All Securities of any particular series and the coupons appertaining to
any Bearer Securities of such series shall be substantially identical except as
to denomination, rate of interest, Stated Maturity and the date from which
interest, if any, shall accrue, and except as may otherwise be provided in or
pursuant to such Board Resolution relating thereto. The terms of such
Securities, as set forth above, may be determined by the Company from time to
time if so provided in or established pursuant to the authority granted in a
Board Resolution. All Securities of any one series need not be issued at the
same time, and unless otherwise provided, a series may be reopened for issuance
of additional Securities of such series.
SECTION 302. Denominations and Currencies.
Unless otherwise provided with respect to any series of Securities as
contemplated by Section 301, any Registered Securities of a series shall be
issuable in denominations of $1,000 and any integral multiple thereof, and any
Bearer Securities of a series shall be issuable in the denomination of $5,000,
or the equivalent amounts thereof in the case of Registered Securities and
Bearer Securities denominated in a Foreign Currency or currency unit.
SECTION 303. Execution, Authentication, Delivery and Dating.
The Securities and any related coupons shall be executed on behalf of
the Company by its Chairman of the Board, a Vice Chairman of the Board, or one
or more of its Presidents or Vice Presidents. The Securities shall be so
executed under the corporate seal of the Company reproduced thereon and attested
to by its Secretary or any one of its Assistant Secretaries. The signature of
any of these officers on the Securities may be manual or facsimile.

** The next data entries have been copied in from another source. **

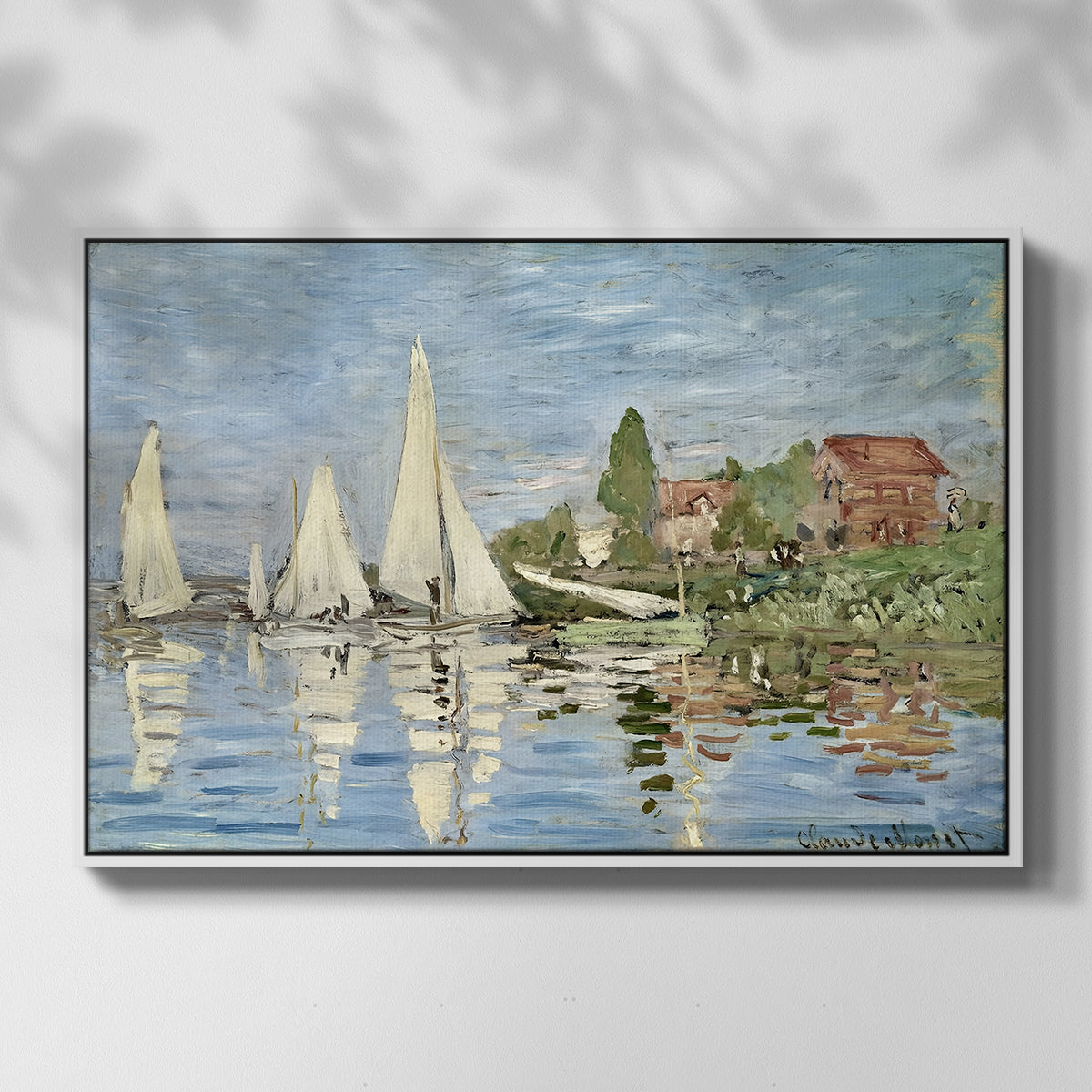 Front view of Regatta at Argenteuil, 1872 by Claude Monet in a white floater framed canvas.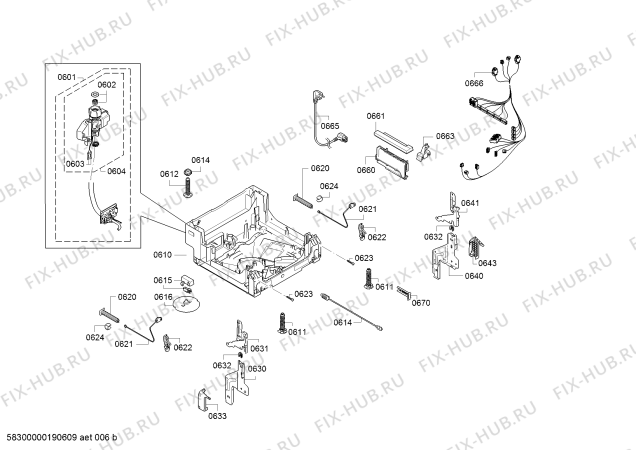 Взрыв-схема посудомоечной машины Siemens SR66T099EU - Схема узла 06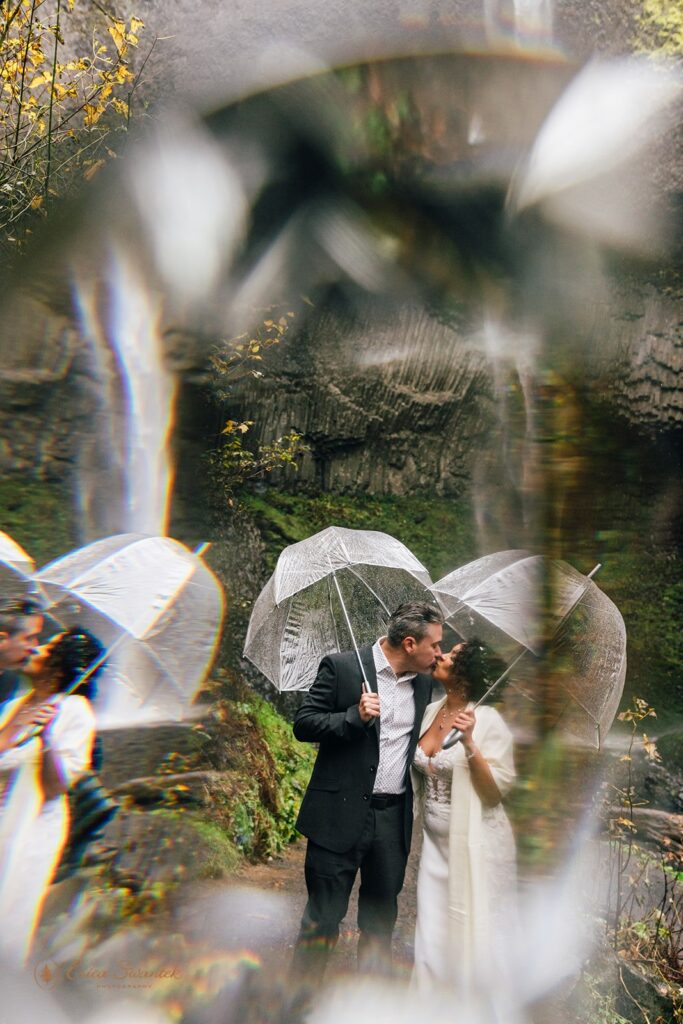elopement couple in front of a waterfall in columbia river gorge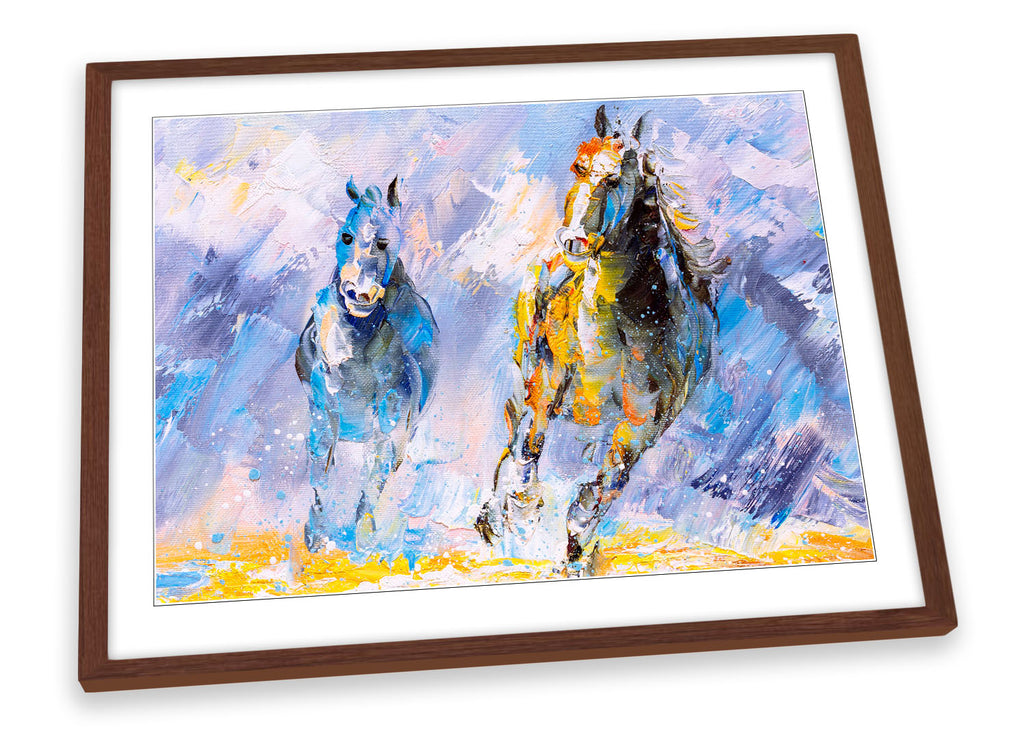 Horses Galloping Blue Repro Framed
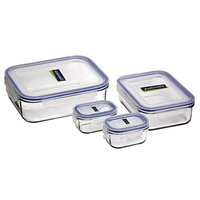 GLASSLOCK 4 PIECE FOOD CONTAINER SET WITH LIDS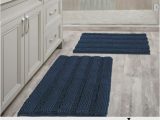 Dark Navy Blue Bath Rugs 2 Piece Bathroom Rug Set, Slip-resistant Extra Absorbent Washable, 20″ X 32″ and 17″ X 24″, Navy Blue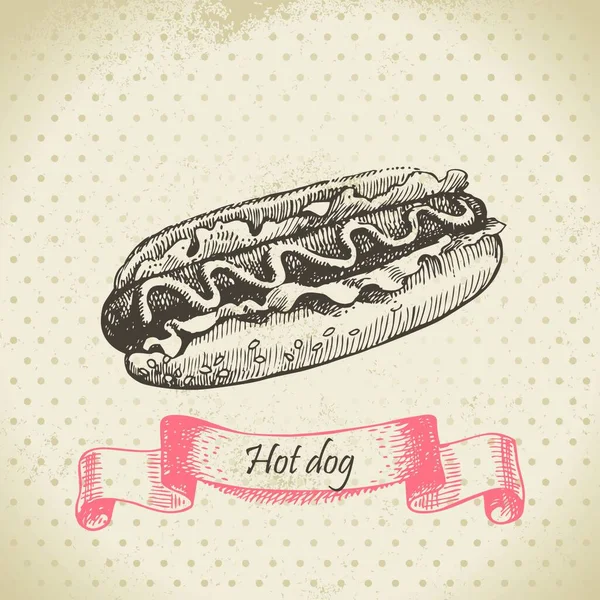 Hot Doga Ręcznie Rysowane Ilustracje — Wektor stockowy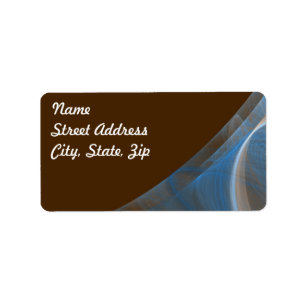 Blue & Brown Fractal Background Address Sticker
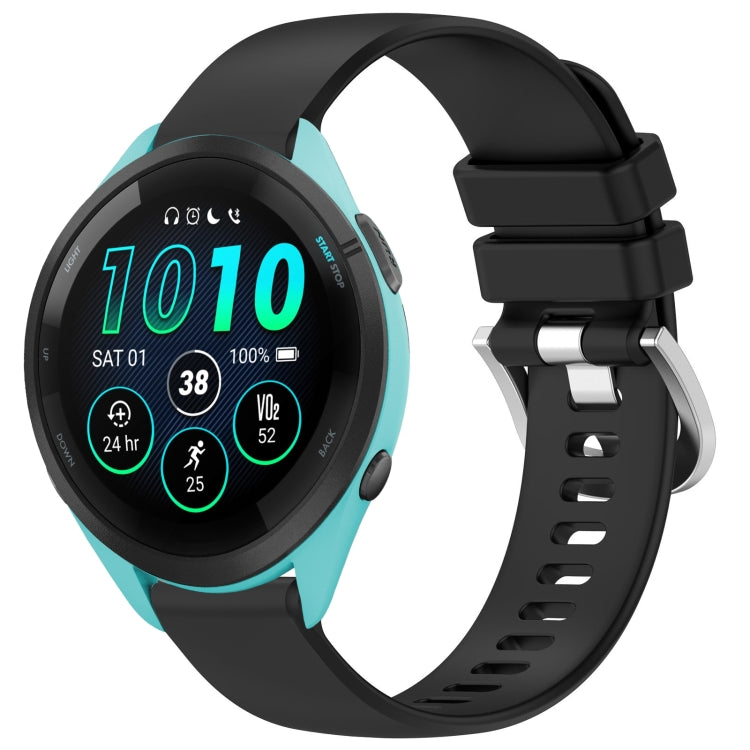Liquid Glossy Silver Buckle Silicone Watch Band, For Garmin Venu 3S, For Garmin Forerunner 265S, For Garmin Forerunner 255S Music / 255S, For Garmin Venu 2S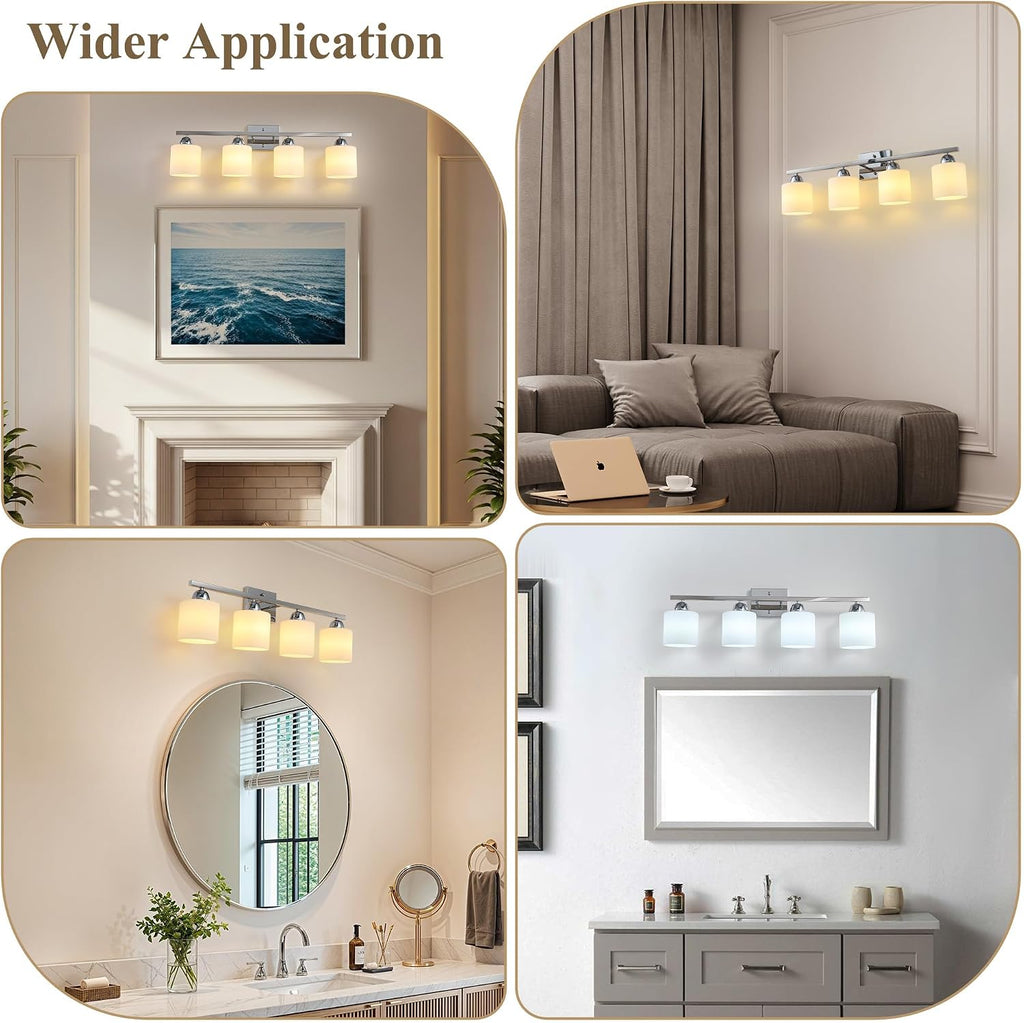 Mecgirn Stainless Steel Milk Glass Vanity Lights for Bathroom, 4 Light Chrome Bathroom Light Fixtures Over Mirror, Ceramic E26 Sockets Wall Mounted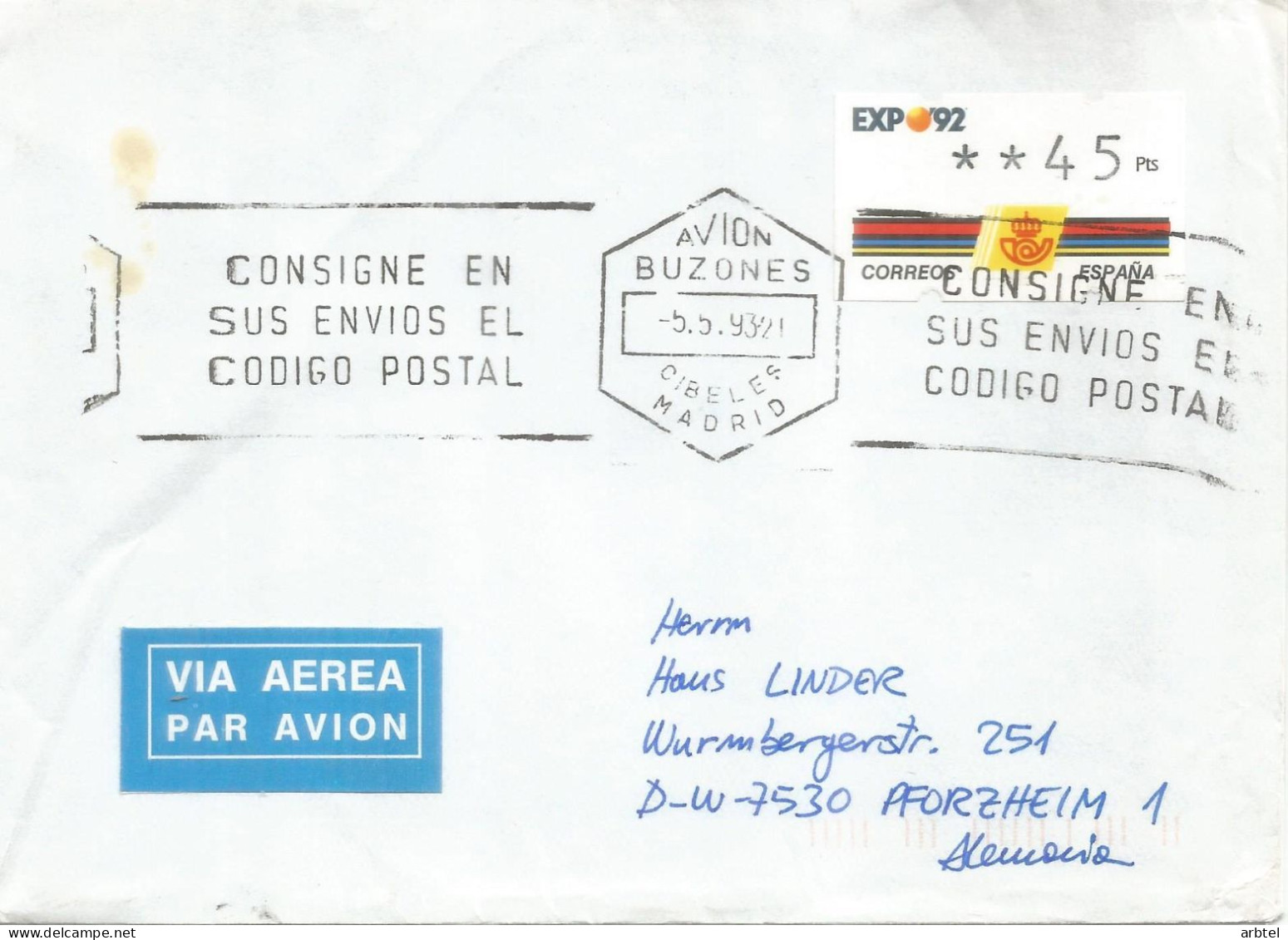 ESPAÑA ATM KLUSSENDORF EXPO 92 4 DIGITOS MAT AVION BUZONES CIBELES MADRID - Cartas & Documentos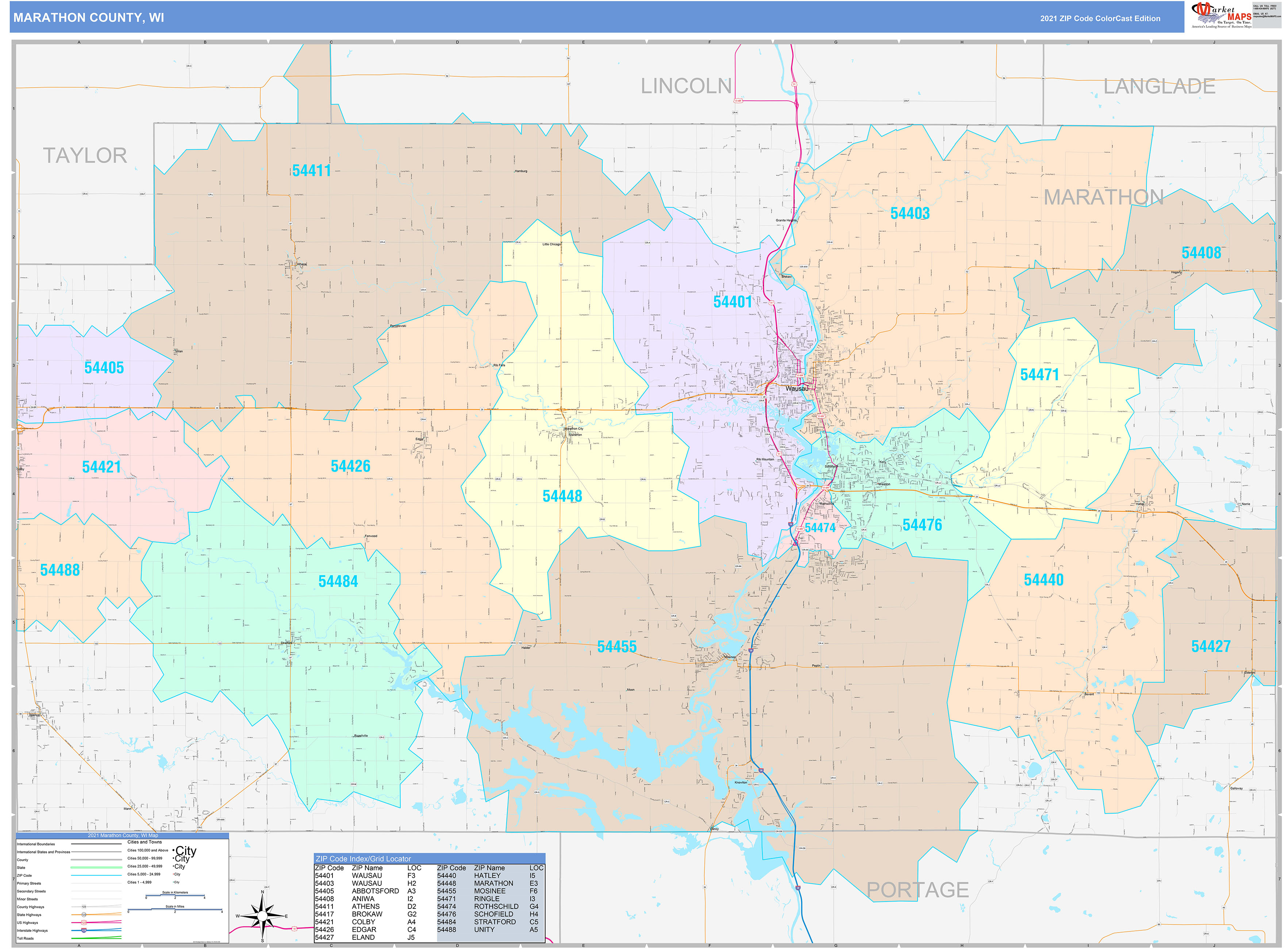 Marathon County, WI Wall Map Color Cast Style by MarketMAPS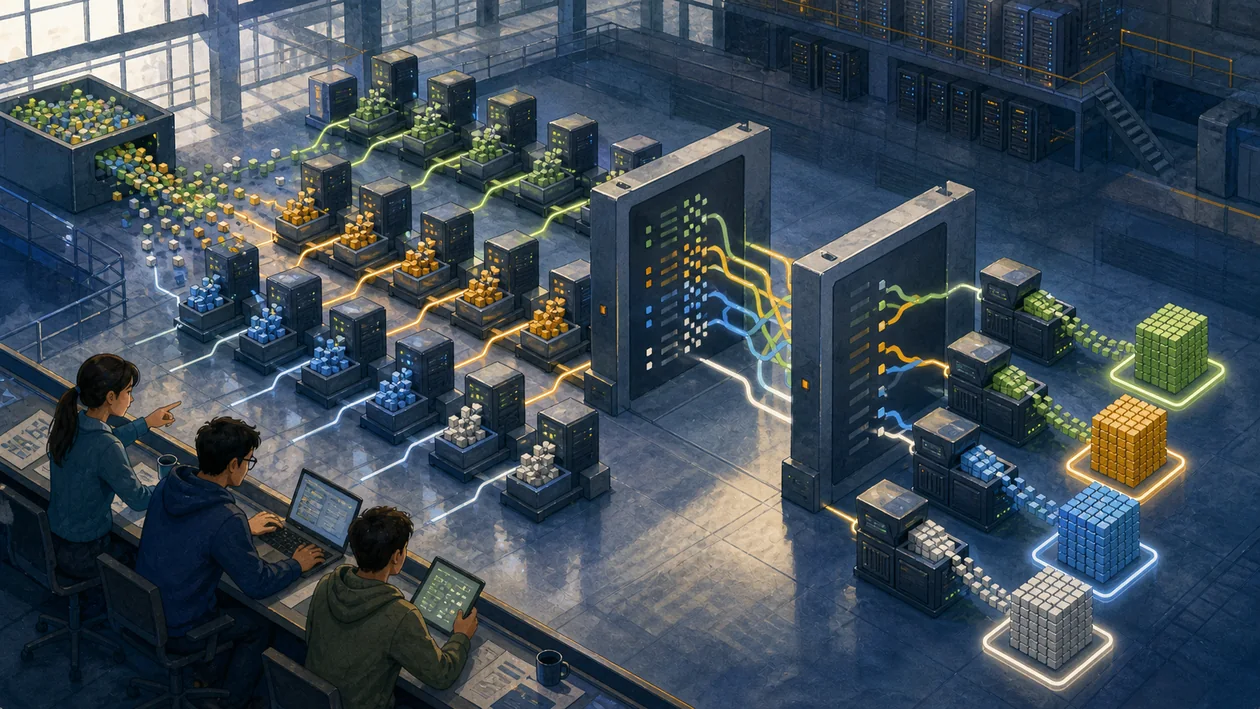 Illustration zu Hadoop MapReduce: verteilte Datenverarbeitung mit parallelen Worker-Knoten und Ergebnisstapeln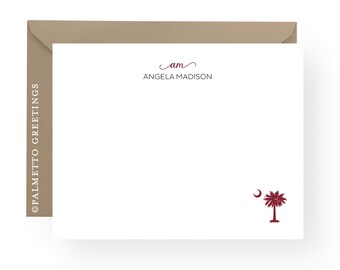 Monogram Notecards South Carolina Palmetto Moon Personalized Notecards by Palmetto Greetings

Securities and coupons bearing the manual or facsimile signatures of
individuals who were at any time the proper officers of the Company shall bind
the Company, notwithstanding that such individuals or any of them have ceased to
hold such offices prior to the authentication and delivery of such Securities or
did not hold such offices at the date of such Securities.
At any time and from time to time after the execution and delivery of
this Indenture, the Company may deliver Securities of any series together with
any coupons appertaining thereto, executed by the Company to the Trustee for the
Securities of such series for authentication, together with a Company Order for
the authentication and delivery of such Securities, and such Trustee, in
accordance with the Company Order, shall authenticate and deliver such
Securities; provided, however, that, during the "restricted period" (as defined
in Section 1.163-5(c)(2)(i)(D)(7) of the United States Treasury Regulations), no
Bearer Security shall be mailed or otherwise delivered to any location in the
United States; and provided, further, that a Bearer Security may be delivered
outside the United States in connection with its original issuance only if the
Person entitled to receive such Bearer Security shall have furnished to the
Trustee for the Securities of such series a certificate substantially in the
form set forth in Exhibit A to this Indenture. If any Security shall be
represented by a permanent Global Security, then, for purposes of this Section
and Section 304, the notation of a beneficial owner's interest therein upon
original issuance of such Security or upon exchange of a portion of a temporary
Global Security shall be deemed to be delivery in connection with the original
issuance of such beneficial owner's interest in such permanent Global Security.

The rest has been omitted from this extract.